The first part of Christy's apology to Zadey, where she does the actual apology and admits that she is still learning herself, is very sweet in the sappy way that makes me love the show. It's very nicely done in that "gosh I wish I always knew the perfect thing to say" way.
It's the last bit that turned the light bulb on for me as far as exactly why the show gets feminism wrong.
Because, of course, knowing what it's like to female and talented at math and science at the turn of this century, my first thought was "And who's going to offer her a scholarship to study math - in 1912?!?!"
It's not entirely impossible, but it's a lot less likely than Rob Allen's offer, and that was rather unrealistic itself. (Rob Allen entered a writing contest. He didn't win, but one of the judges was a professor at Fordham University and wrote offering him a scholarship - if he passed the test.) It's not like newspapers hold math contests, and science projects usually take a lot more capital than writing stories.
But there is no mention of that, or reassurances from Christy - who has just spent the past episode pressuring Rob Allen to go to college - that she will take the time to try to find a scholarship for Zadey Spencer, who, unlike Rob, is expressing interest in college long before an out of the blue offer to go.
Most of all though, lets not mention that the University that was so generous to Rob won't even admit women until Christy's great-granddaughters are ready to matriculate.
This is the false feminism that makes people think that feminism is no longer needed. The feminism lite that pretends that Christy promising Zadey Spencer an equal amount of time in tutoring her for college scholarships equals an equality of opportunity for Rob Allen and Zadey Spencer, even back in 1912.
*No one tells Zadey that she can't do math, but there are lots of comments about how girls aren't good at math. In Zadey's presence.
The way Zadey reacts to this felt very real to me, but I was frustrated with how the adults handle it. Fairlight has a great handle of how adolescence is affecting her daughter, but her response to Zadey's confusion about her gender identity and her frustration at sexism is to say (to Christy) that John (Zadey's oldest brother) being a boy isn't ever going to change. And while Fairlight and Christy can see that the age difference is part of why the older girls are leaving Zadey out of their talk of boys and the like, they fail to see or address how the girls use Zadey's lack of gender conformity (minor as it is, Zadey's never shown as a tomboy) to imply that her problem is not the age gap, but instead that she isn't "girl" enough.

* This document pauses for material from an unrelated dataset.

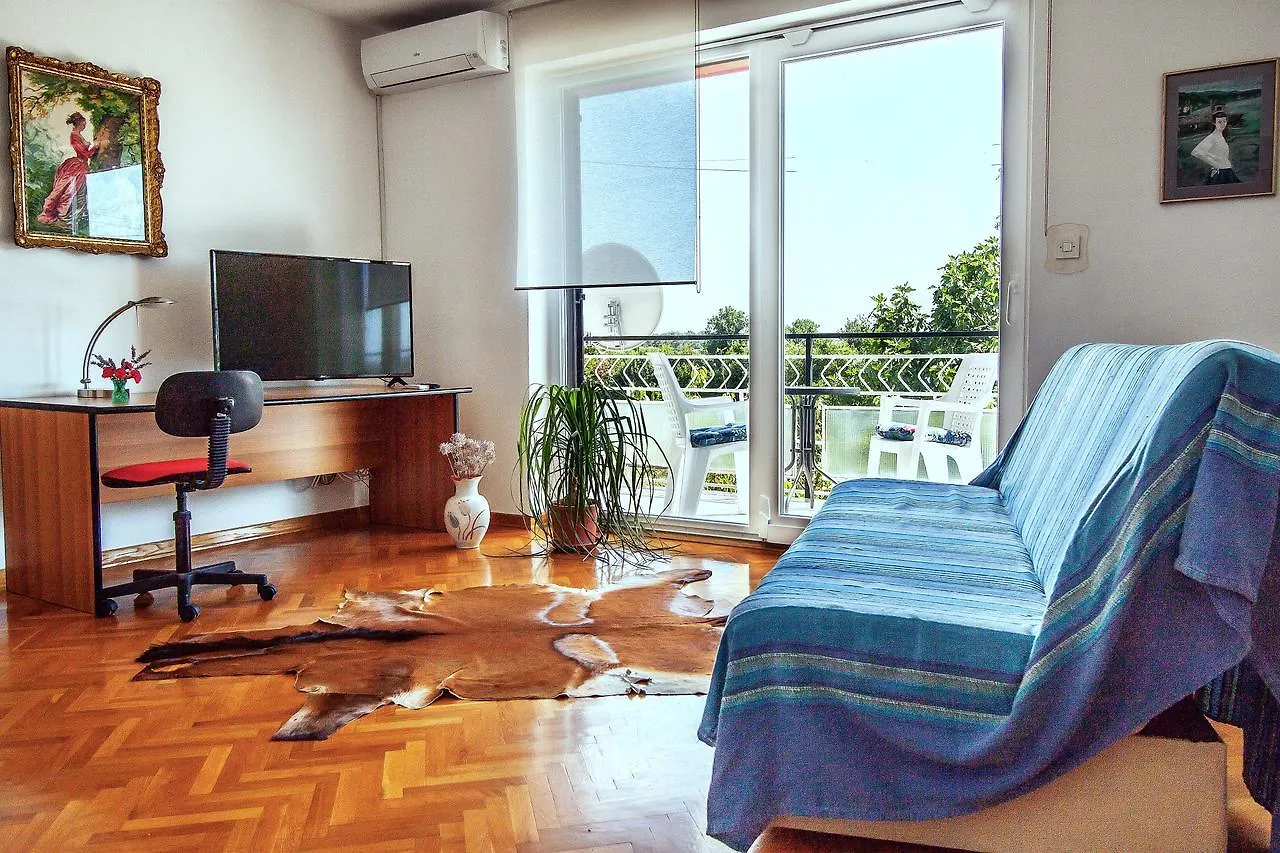 Valeriana Apartment Pula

Also, they left out the scene where the other kids ignore Zadey's right answer. And instead put in a scene where Zadey strives to get Christy's attention every time she knows the answer, which is always. Which, again, not very realistic. If Zadey actually did that regularly, she never would have been friends with the older girls in the first place; she would have been shunned long ago.

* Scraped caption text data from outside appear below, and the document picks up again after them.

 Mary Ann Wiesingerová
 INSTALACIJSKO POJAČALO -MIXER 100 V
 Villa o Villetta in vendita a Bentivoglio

Zadey is much too old to want to always be the one that's called on in class. She's already at the age where her issue is that her peers don't respect her talents, not that she feels shunned by the teacher. Which Christy does make mention of at the end, but she suggests that the solution is that she calls on Zadey more in class in order to let her show off, which isn't really the problem that needs addressing or the solution that Zadey needs.